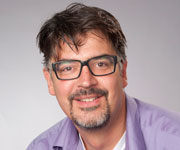 Univ-Prof. Dr. rer. nat.  Björn E. Clausen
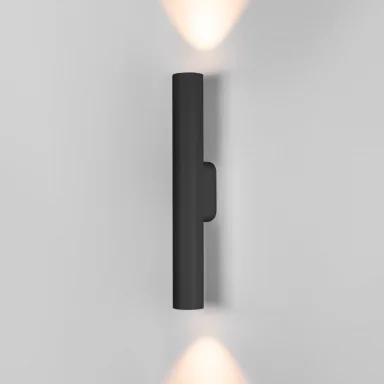 Бра Elektrostandard Langer черный (40123/LED)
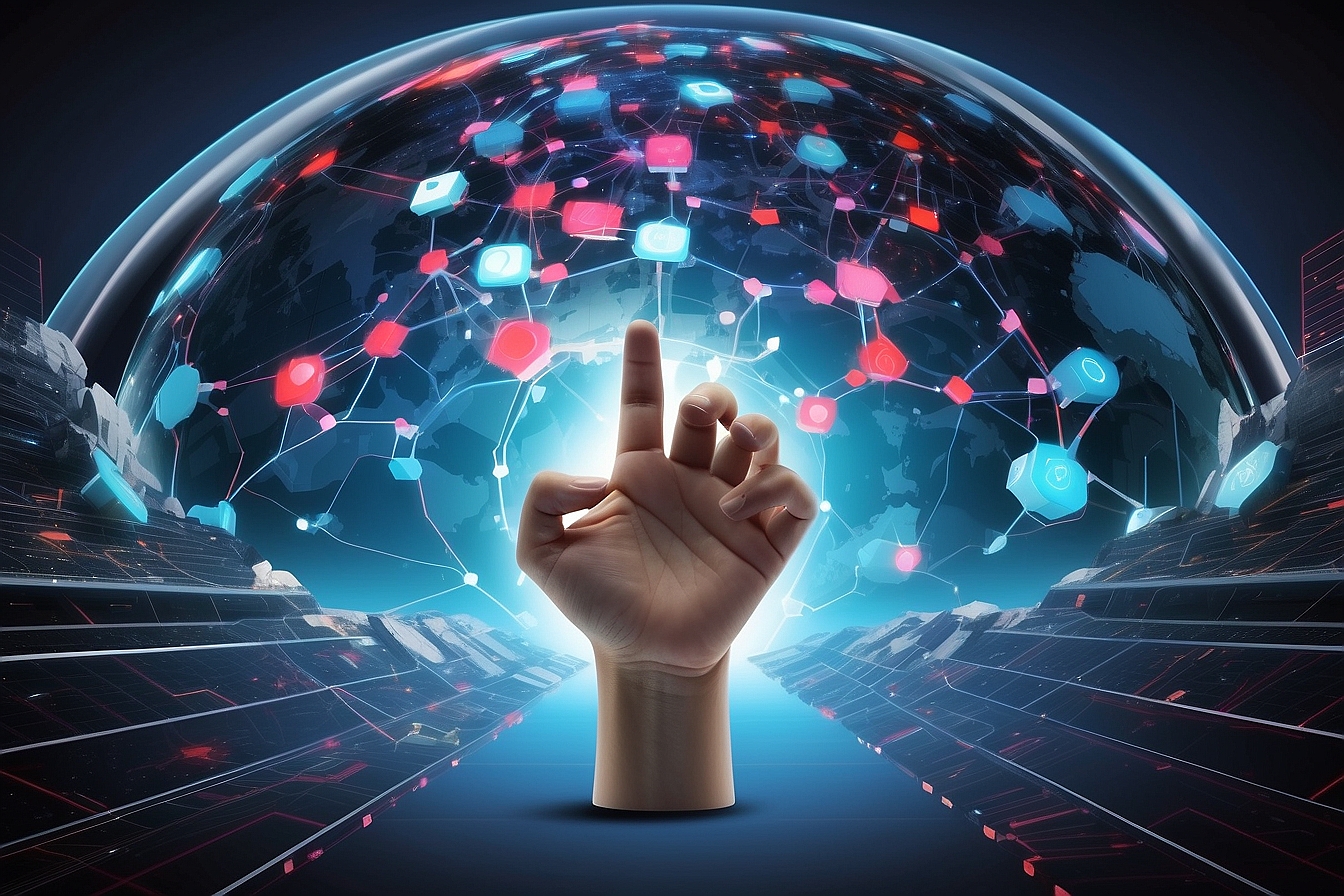 Le priorità 2024 per i CIO Partner Space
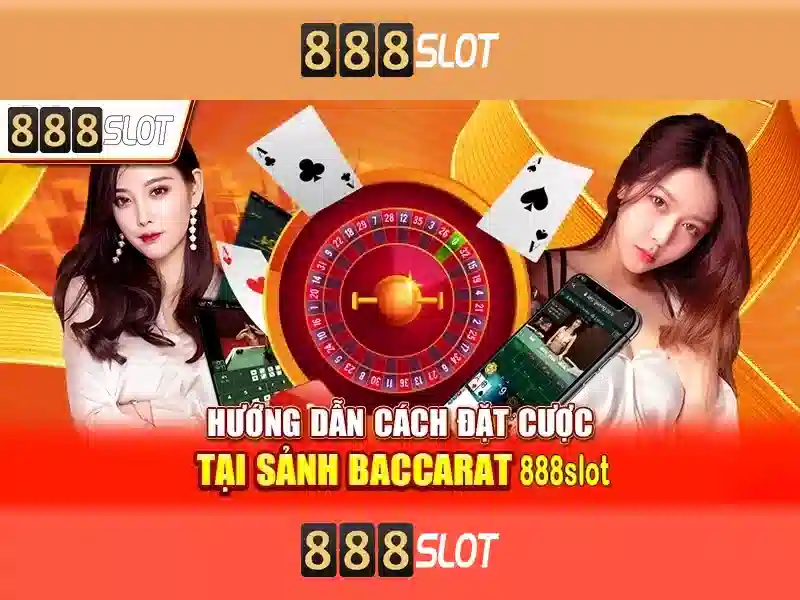 Khám phá 888slot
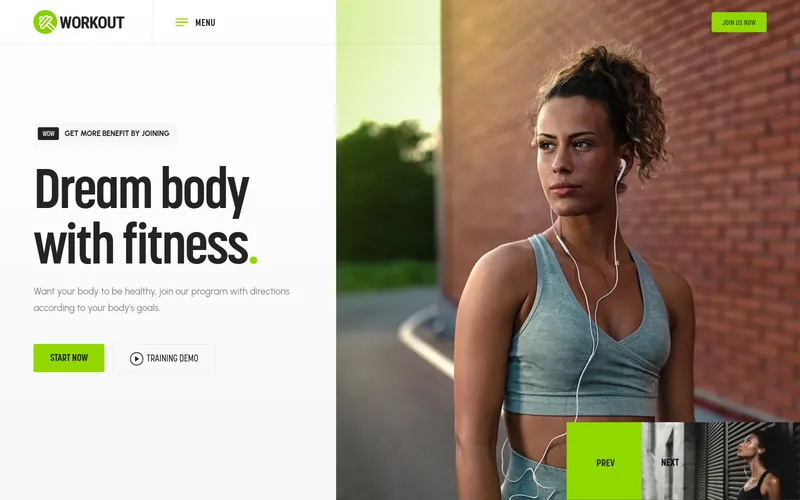 Workout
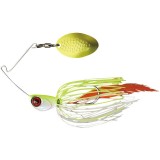 Spinnerbait Deraspin 3.5g Pearl Chartreusse, JACKALL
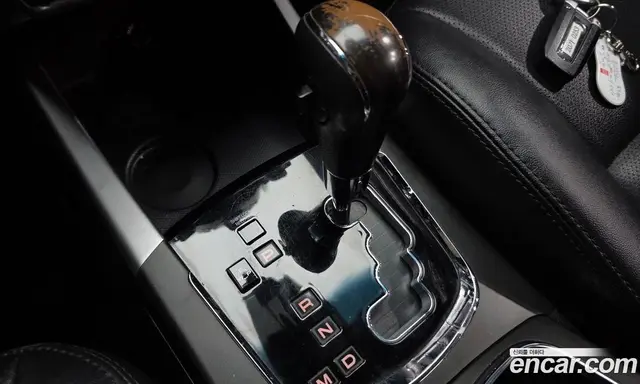 SsangYong Korando 2016 2.2 автомат (гидро), миниатюра 12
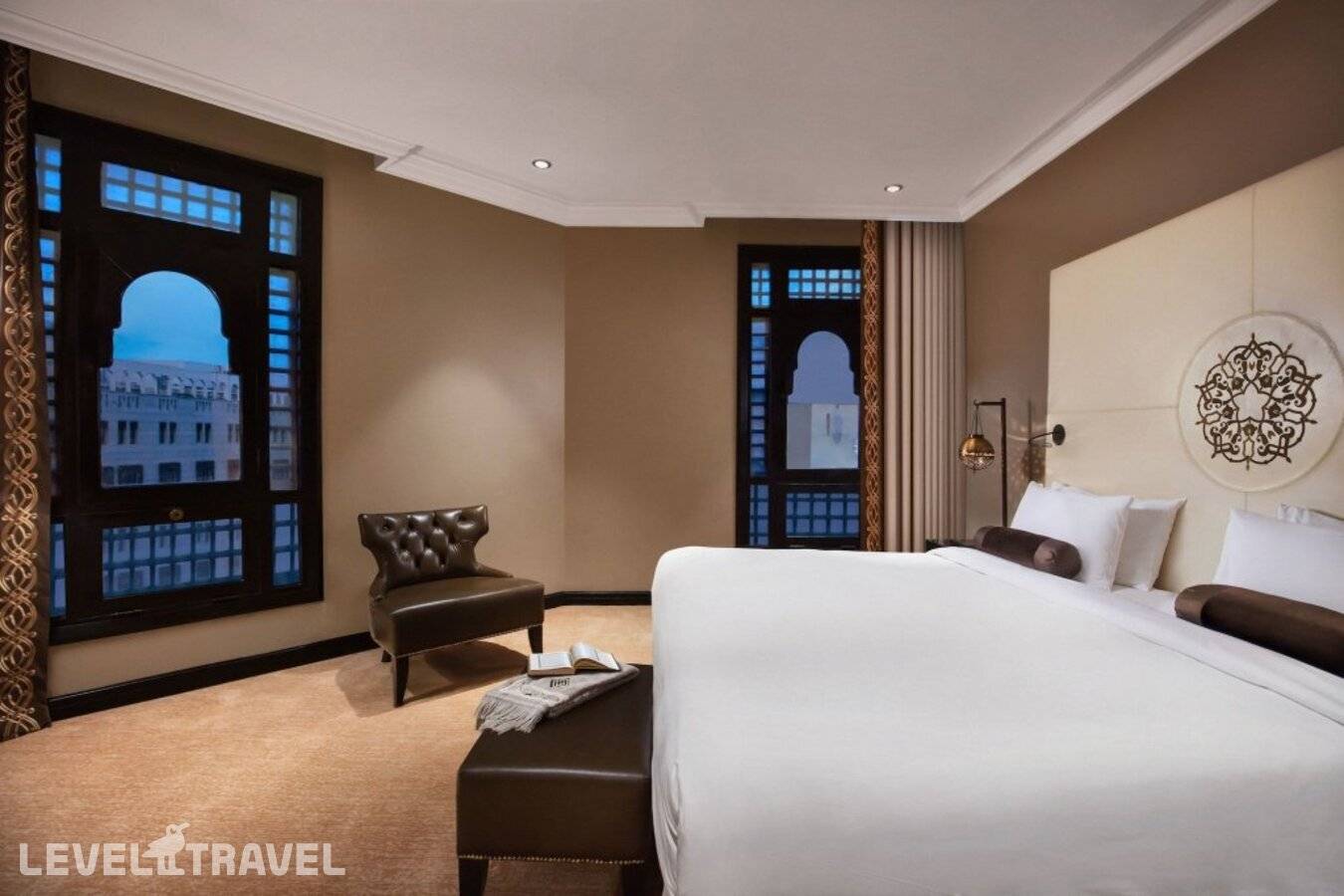 фотографии отеля Shahd Al Madinah Hotel в Саудовская Аравия(Медина) - фото №26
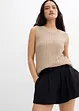 Shorts in fine viscosa, bonprix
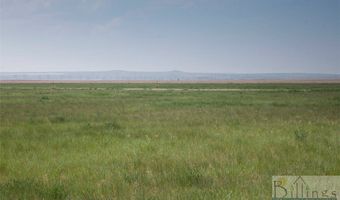 Roughrider Road, Broadview, MT 59015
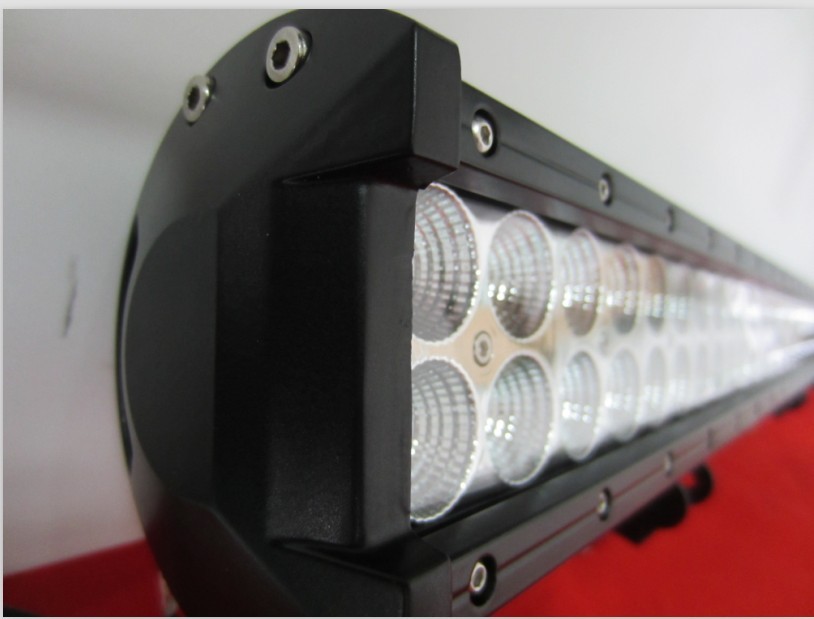 BB-5240 41 Inch 240W Dual Row LED Light Bar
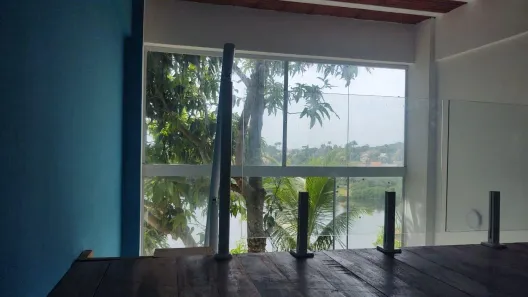 Flat com 1 Quarto para alugar, 21m² no Araçatiba, Maricá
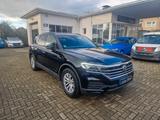 Volkswagen Touareg  4Motion AHK Kamera Navi 8-Fach - VW Touareg Gebrauchtwagen in Braunschweig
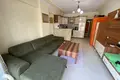 Residential quarter Meltem Complex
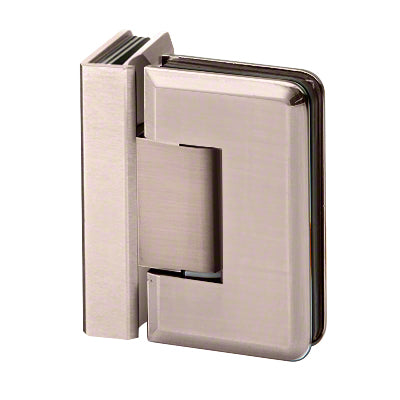 90º Glass to Glass Premier Series Hinge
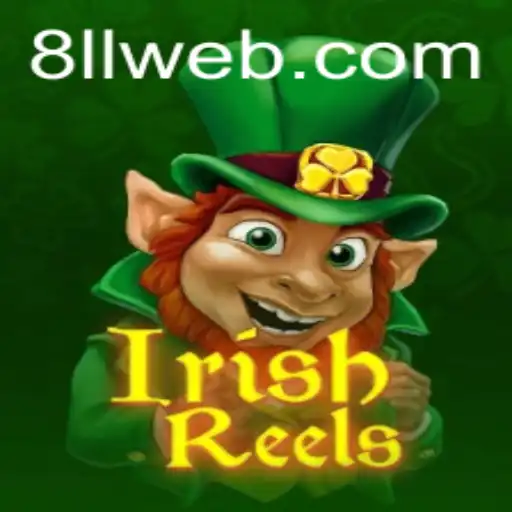 IrishReels: Descubra o Encanto do Jogo Inspirado na Cultura Irlandesa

--

Return the listing above in an exact copy that leaves out the images.

 Univ-Prof. Dr. rer. nat.  Björn E. Clausen
 Бра Elektrostandard Langer черный (40123/LED)
 Le priorità 2024 per i CIO Partner Space
 Khám phá 888slot
 Workout
 Spinnerbait Deraspin 3.5g Pearl Chartreusse, JACKALL
 SsangYong Korando 2016 2.2 автомат (гидро), миниатюра 12
 фотографии отеля Shahd Al Madinah Hotel в Саудовская Аравия(Медина) - фото №26
 Shorts in fine viscosa, bonprix
 Roughrider Road, Broadview, MT 59015
 BB-5240 41 Inch 240W Dual Row LED Light Bar
 Flat com 1 Quarto para alugar, 21m² no Araçatiba, Maricá
 Volkswagen Touareg  4Motion AHK Kamera Navi 8-Fach - VW Touareg Gebrauchtwagen in Braunschweig
 Residential quarter Meltem Complex
 90º Glass to Glass Premier Series Hinge
 IrishReels: Descubra o Encanto do Jogo Inspirado na Cultura Irlandesa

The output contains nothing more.